--- Requirement ---
Your copy should contain exactly the lines from the start of the material through the line containing "BMW 3 Series", and no pictures.

--- Exercise inputs ---

--- START ---

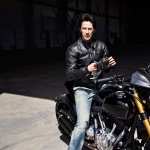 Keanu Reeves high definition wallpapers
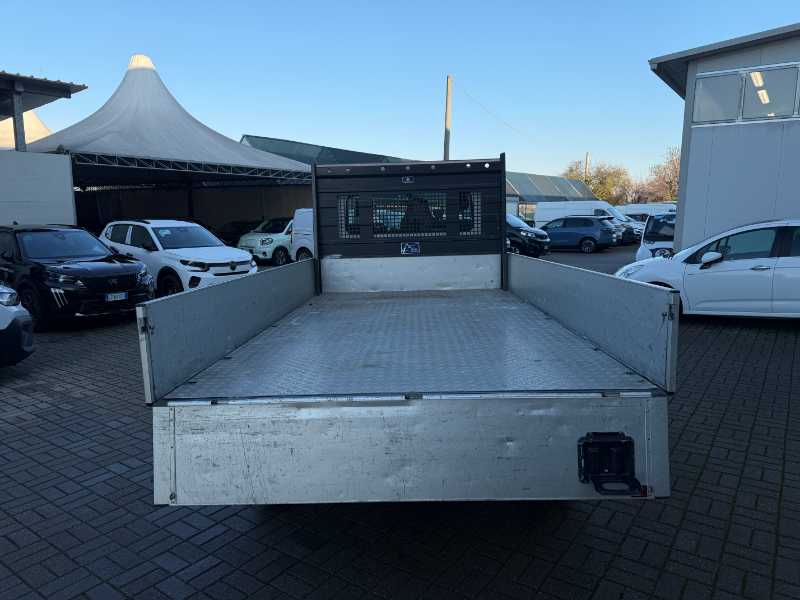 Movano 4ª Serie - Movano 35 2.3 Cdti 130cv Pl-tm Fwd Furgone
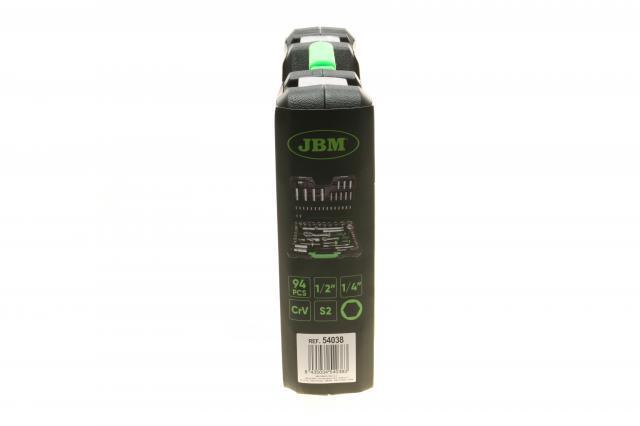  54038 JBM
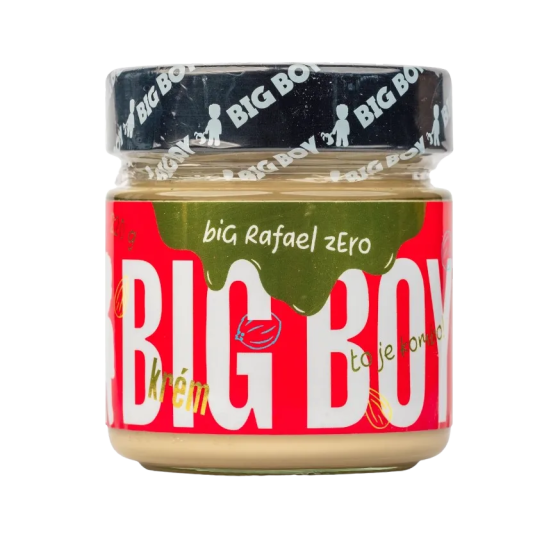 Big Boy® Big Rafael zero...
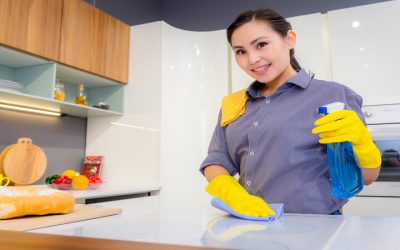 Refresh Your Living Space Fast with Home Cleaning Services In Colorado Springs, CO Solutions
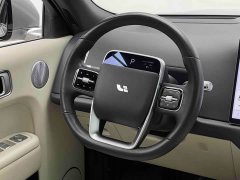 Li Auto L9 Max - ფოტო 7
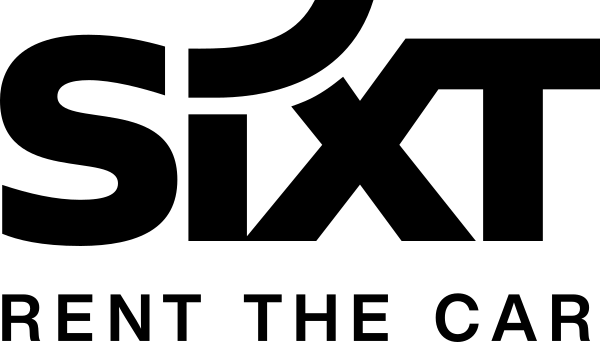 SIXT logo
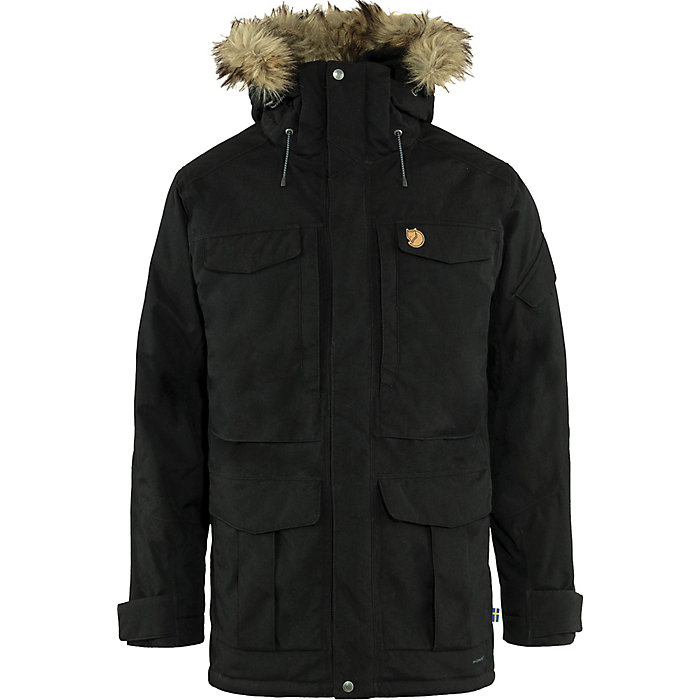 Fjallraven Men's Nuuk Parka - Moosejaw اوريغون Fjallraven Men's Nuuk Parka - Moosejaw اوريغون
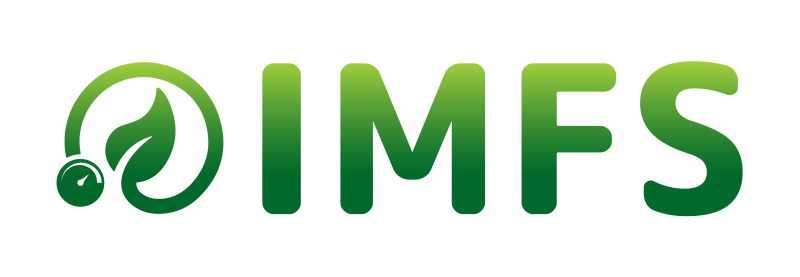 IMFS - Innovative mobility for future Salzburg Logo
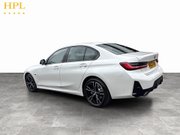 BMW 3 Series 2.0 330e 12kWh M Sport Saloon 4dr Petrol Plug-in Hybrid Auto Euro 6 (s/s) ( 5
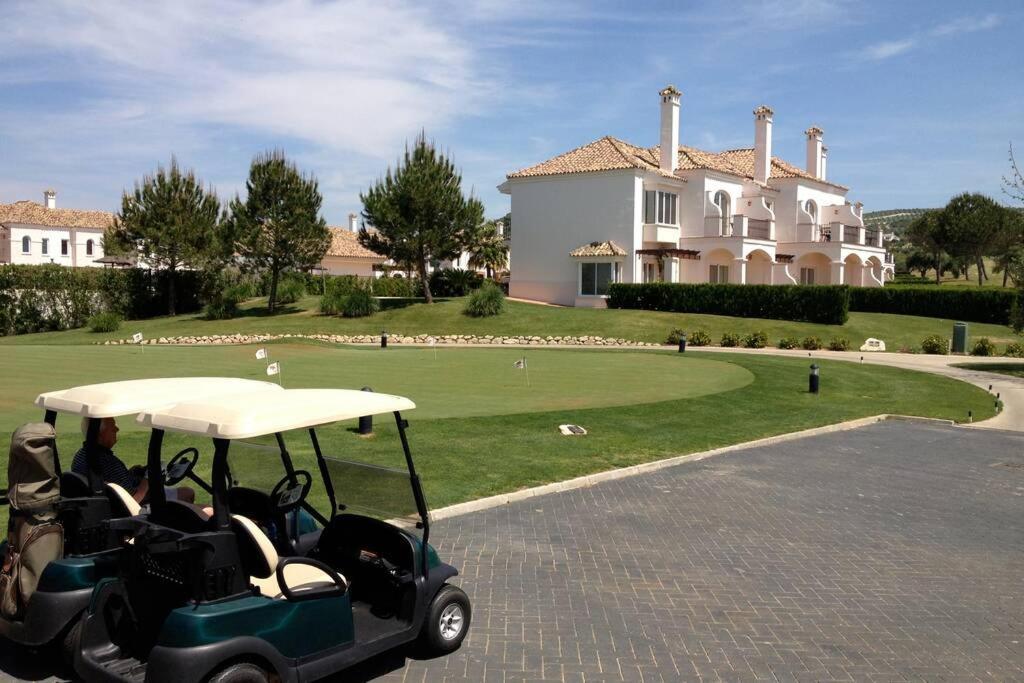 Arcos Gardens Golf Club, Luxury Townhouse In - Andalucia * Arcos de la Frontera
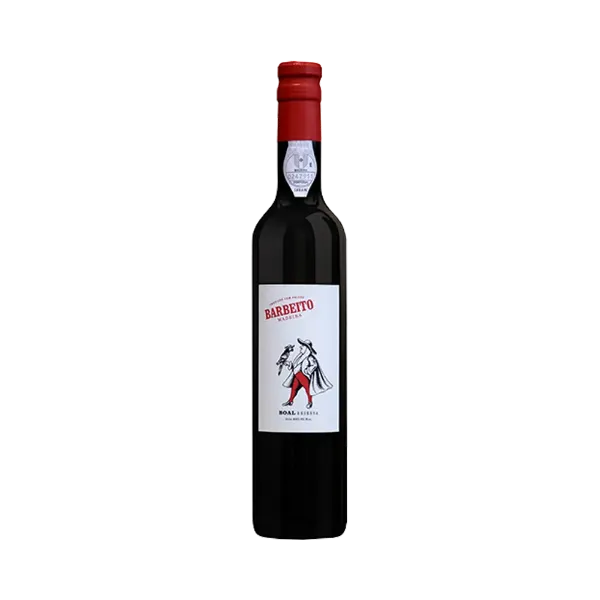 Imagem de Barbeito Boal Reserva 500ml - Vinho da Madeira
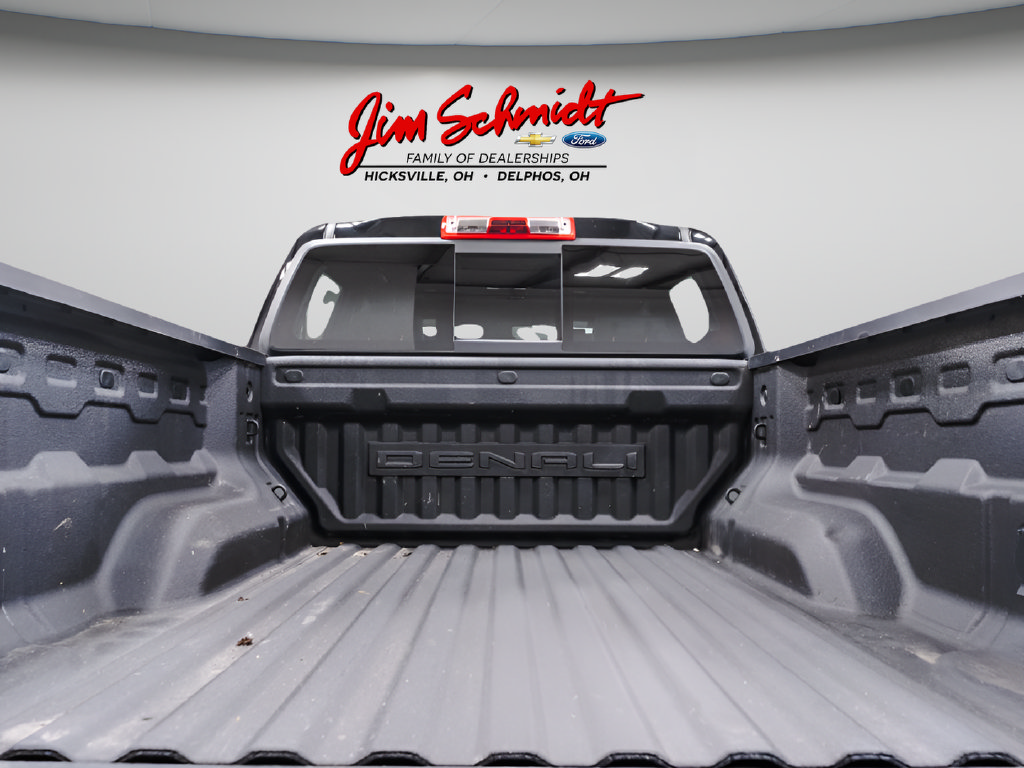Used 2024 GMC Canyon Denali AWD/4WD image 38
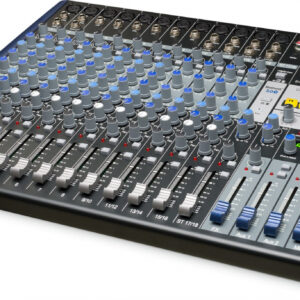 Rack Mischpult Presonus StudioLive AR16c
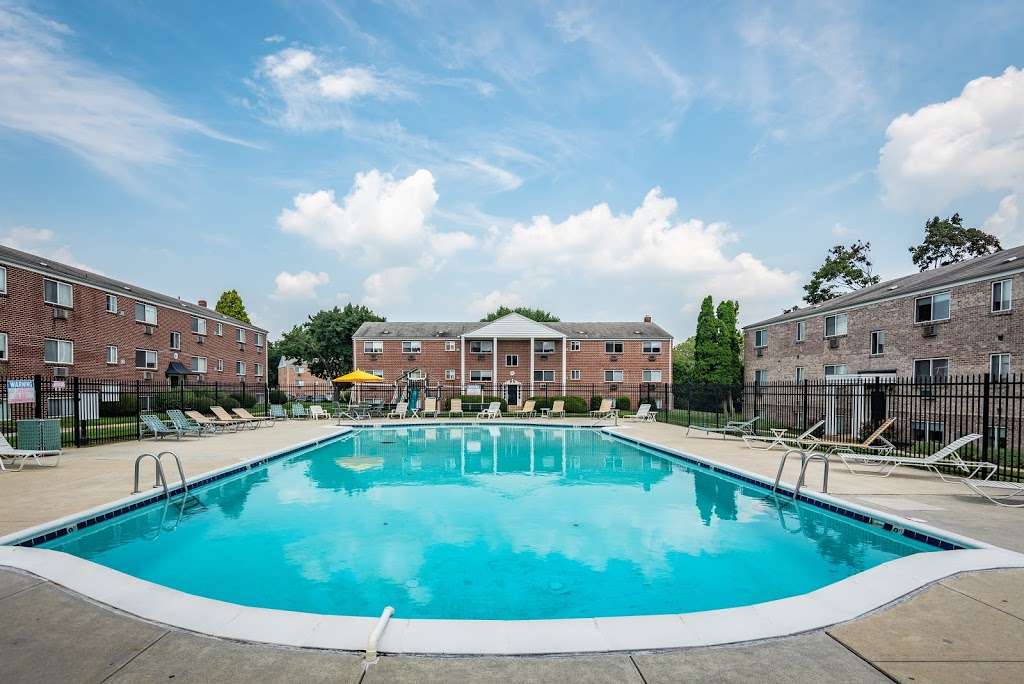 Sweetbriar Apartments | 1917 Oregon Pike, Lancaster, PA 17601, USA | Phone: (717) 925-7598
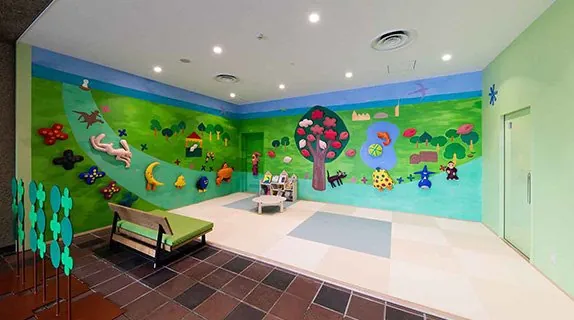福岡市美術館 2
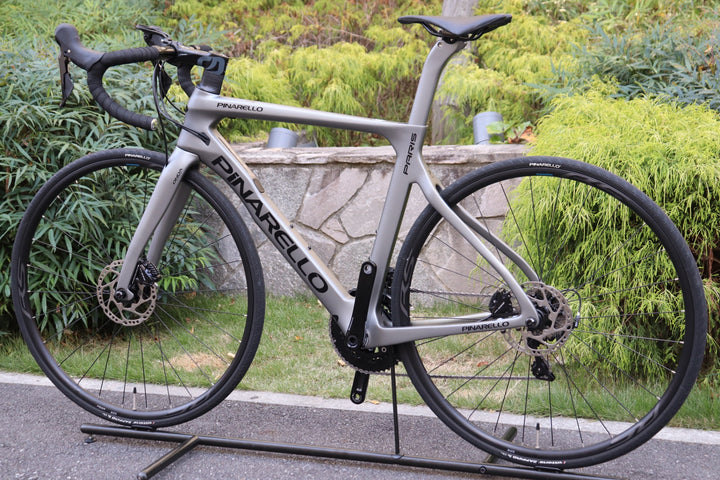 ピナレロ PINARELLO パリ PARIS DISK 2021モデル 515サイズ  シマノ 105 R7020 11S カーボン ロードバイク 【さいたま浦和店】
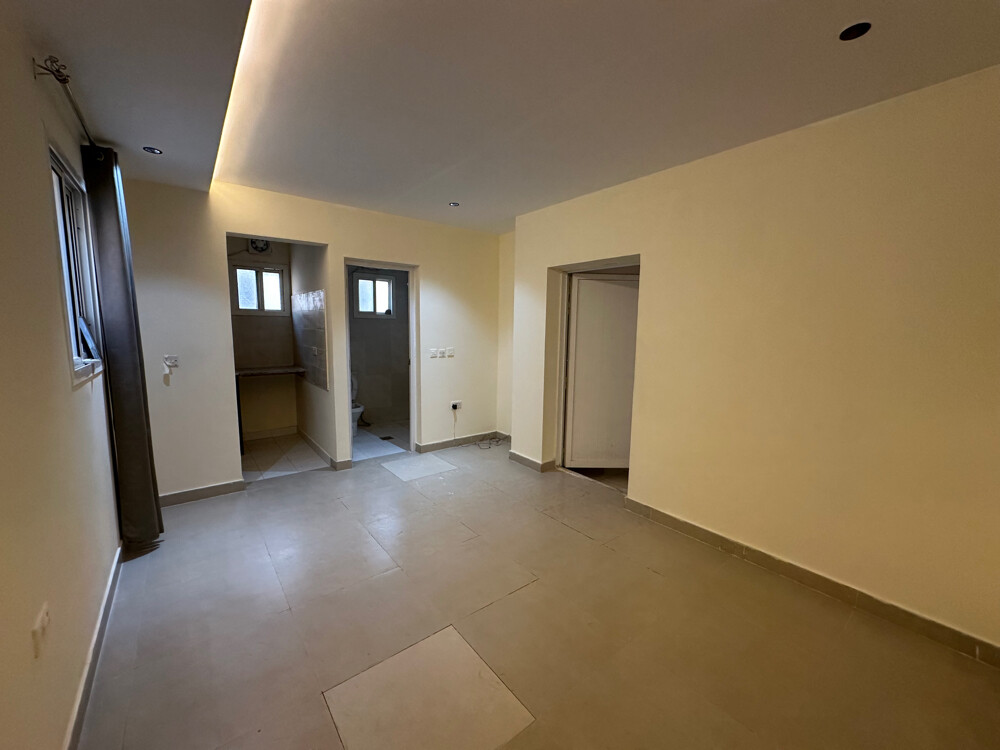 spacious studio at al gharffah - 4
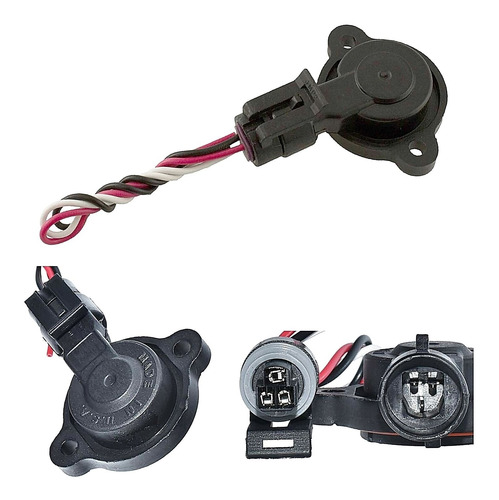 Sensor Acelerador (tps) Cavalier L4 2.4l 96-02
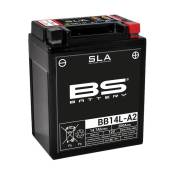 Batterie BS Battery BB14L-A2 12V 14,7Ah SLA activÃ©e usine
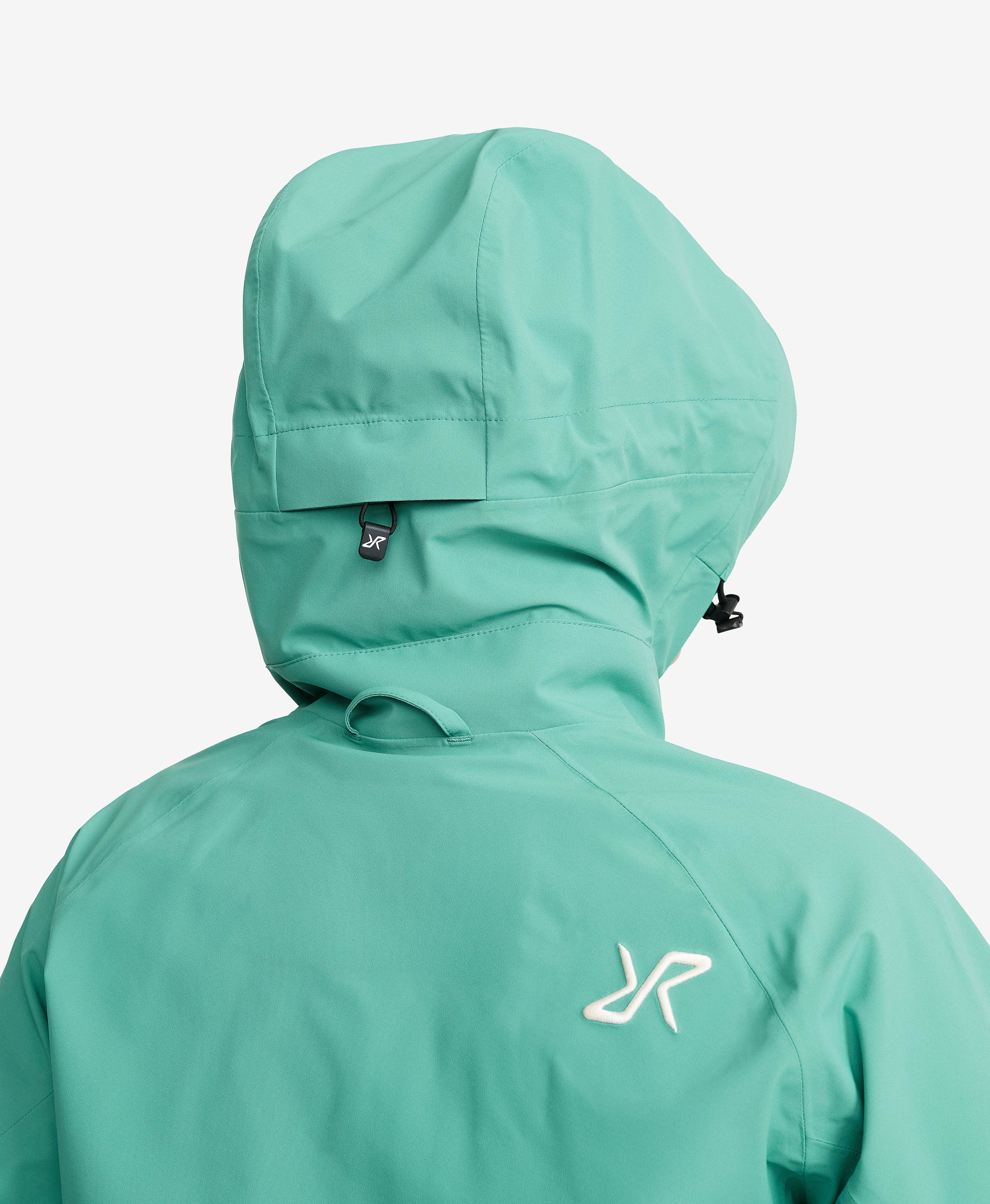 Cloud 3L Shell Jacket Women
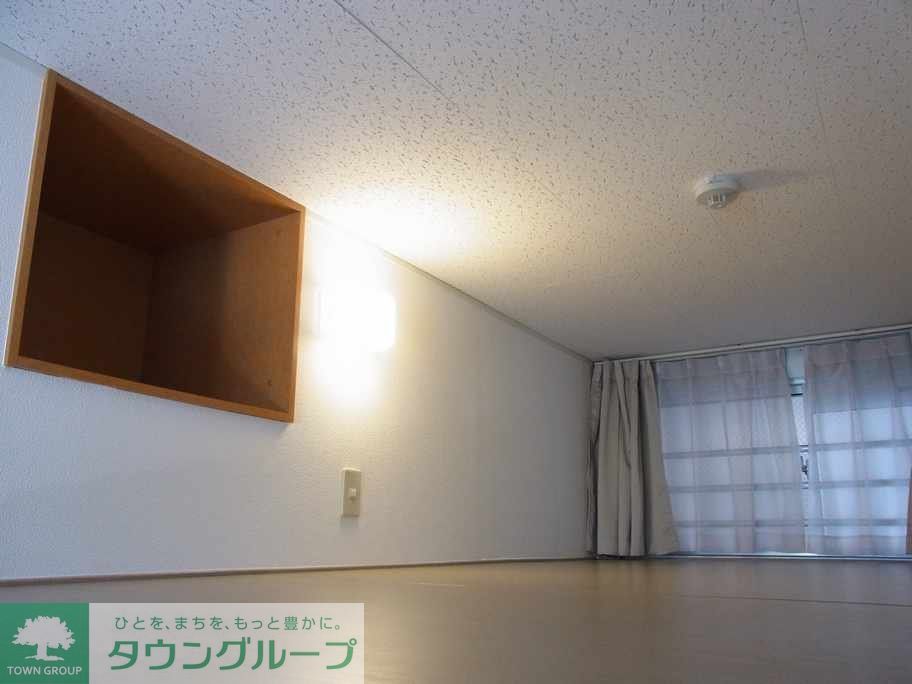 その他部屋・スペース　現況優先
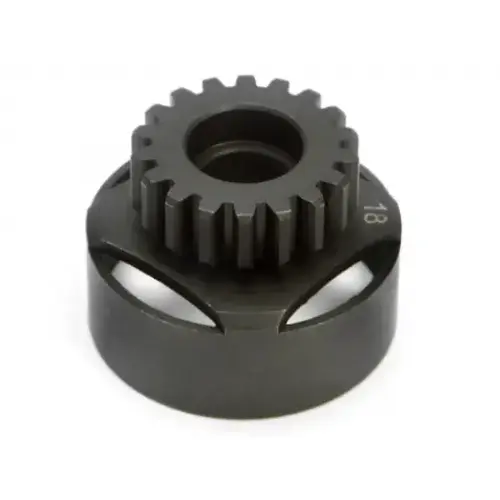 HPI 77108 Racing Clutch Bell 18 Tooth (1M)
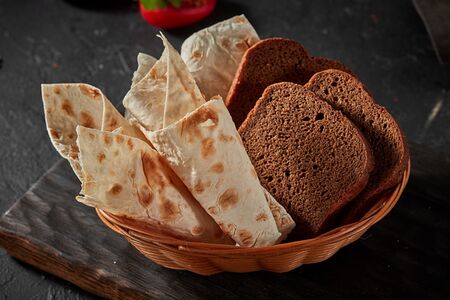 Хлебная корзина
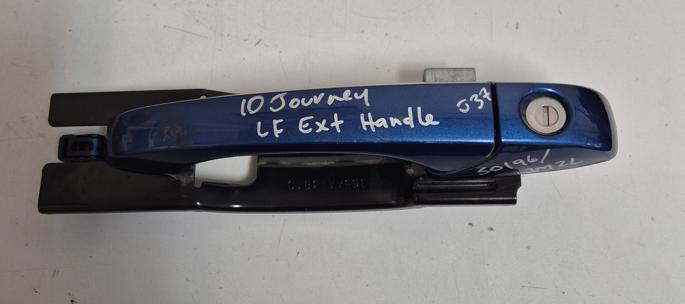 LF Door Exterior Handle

--- END ---

--- Result ---
 Keanu Reeves high definition wallpapers
 Movano 4ª Serie - Movano 35 2.3 Cdti 130cv Pl-tm Fwd Furgone
  54038 JBM
 Big Boy® Big Rafael zero...
 Refresh Your Living Space Fast with Home Cleaning Services In Colorado Springs, CO Solutions
 Li Auto L9 Max - ფოტო 7
 SIXT logo
 Fjallraven Men's Nuuk Parka - Moosejaw اوريغون Fjallraven Men's Nuuk Parka - Moosejaw اوريغون
 IMFS - Innovative mobility for future Salzburg Logo
 BMW 3 Series 2.0 330e 12kWh M Sport Saloon 4dr Petrol Plug-in Hybrid Auto Euro 6 (s/s) ( 5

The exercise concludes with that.